Six studies (three case series, three case reports) comprising 11 singleton pregnancies were included. Diagnoses occurred in the first (27.3%), second (45.4%), and third trimesters (27.3%). Among the five genotypically identified Mpox cases, 20.0% were classified Clade I and 80.0% as Clade II. Meta-analysis indicated that an estimated 63% (95% CI, 43-83%) of pregnancies experienced composite adverse pregnancy outcomes. Specifically, miscarriage or fetal death occurred in 62% (95% CI, 21-102%), congenital anomalies in 50% (95% CI, 21-80%), and chorioamnionitis in 78% (95% CI, 44-96%). Vertical transmission was observed in 79% (95% CI, 6-151%). Despite small sample sizes leading to wide confidence intervals, high estimated proportions suggest that mpox severely impacts pregnancy outcomes, likely linked to maternal inflammation, placental invasion, and significant fetal risks from vertical transmission.
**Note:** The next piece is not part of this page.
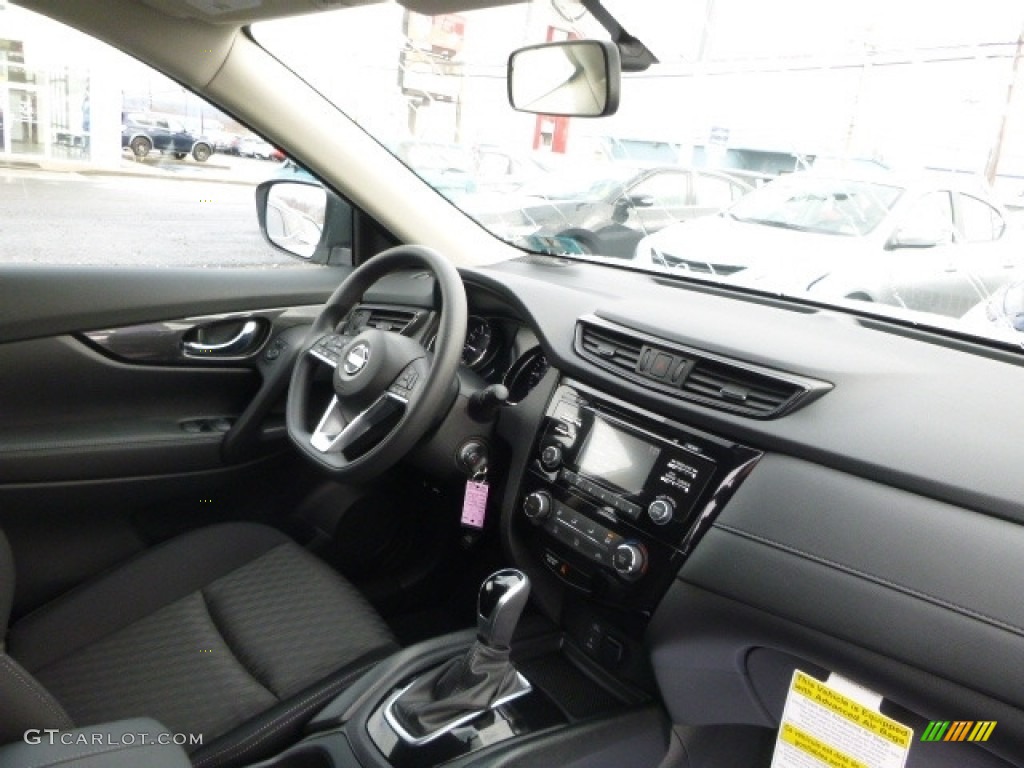 2017 Nissan Rogue S AWD Charcoal Dashboard Photo #118235240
Mpox infection during pregnancy appears to be associated with high rates of adverse pregnancy outcomes and vertical transmission. Further large-scale studies are warranted to confirm these findings and develop preventive and management strategies mitigating this emerging threat.
曾被称为猴痘的猴痘在全球范围内再度流行,由于免疫变化和潜在的垂直传播,对孕妇构成了新出现的威胁,但其对妊娠的影响仍未得到充分研究。本研究旨在率先全面评估妊娠结局以及与孕期猴痘感染相关的垂直传播风险。
遵循系统评价和荟萃分析的首选报告项目指南,我们检索了截至2024年9月的三个数据库,以查找经定量聚合酶链反应确诊为猴痘的孕妇的研究。主要结局是复合不良妊娠结局:流产或胎儿死亡、先天性异常和绒毛膜羊膜炎;次要结局是垂直传播。使用乔安娜·布里格斯研究所工具评估研究质量。统计分析采用R软件,使用单比例模型并进行弗里曼 - 图基变换和随机效应荟萃分析(限制最大似然估计器,克纳普 - 哈通调整),呈现估计比例及95%置信区间(CI)。
纳入了六项研究(三项病例系列研究、三项病例报告),共11例单胎妊娠。诊断发生在孕早期(27.3%)、孕中期(45.4%)和孕晚期(27.3%)。在五例经基因分型鉴定的猴痘病例中,20.0%被归类为I分支,80.0%为II分支。荟萃分析表明,估计63%(95%CI,43 - 83%)的妊娠经历了复合不良妊娠结局。具体而言,流产或胎儿死亡发生率为62%(95%CI,21 - 102%),先天性异常发生率为50%(95%CI,21 - 80%),绒毛膜羊膜炎发生率为78%(95%CI,44 - 96%)。观察到垂直传播率为79%(95%CI,6 - 151%)。尽管样本量小导致置信区间宽,但估计比例高表明猴痘严重影响妊娠结局,可能与母体炎症、胎盘侵袭以及垂直传播带来的重大胎儿风险有关。
孕期猴痘感染似乎与高不良妊娠结局率和垂直传播率相关。有必要开展进一步的大规模研究以证实这些发现,并制定预防和管理策略来减轻这一新兴威胁。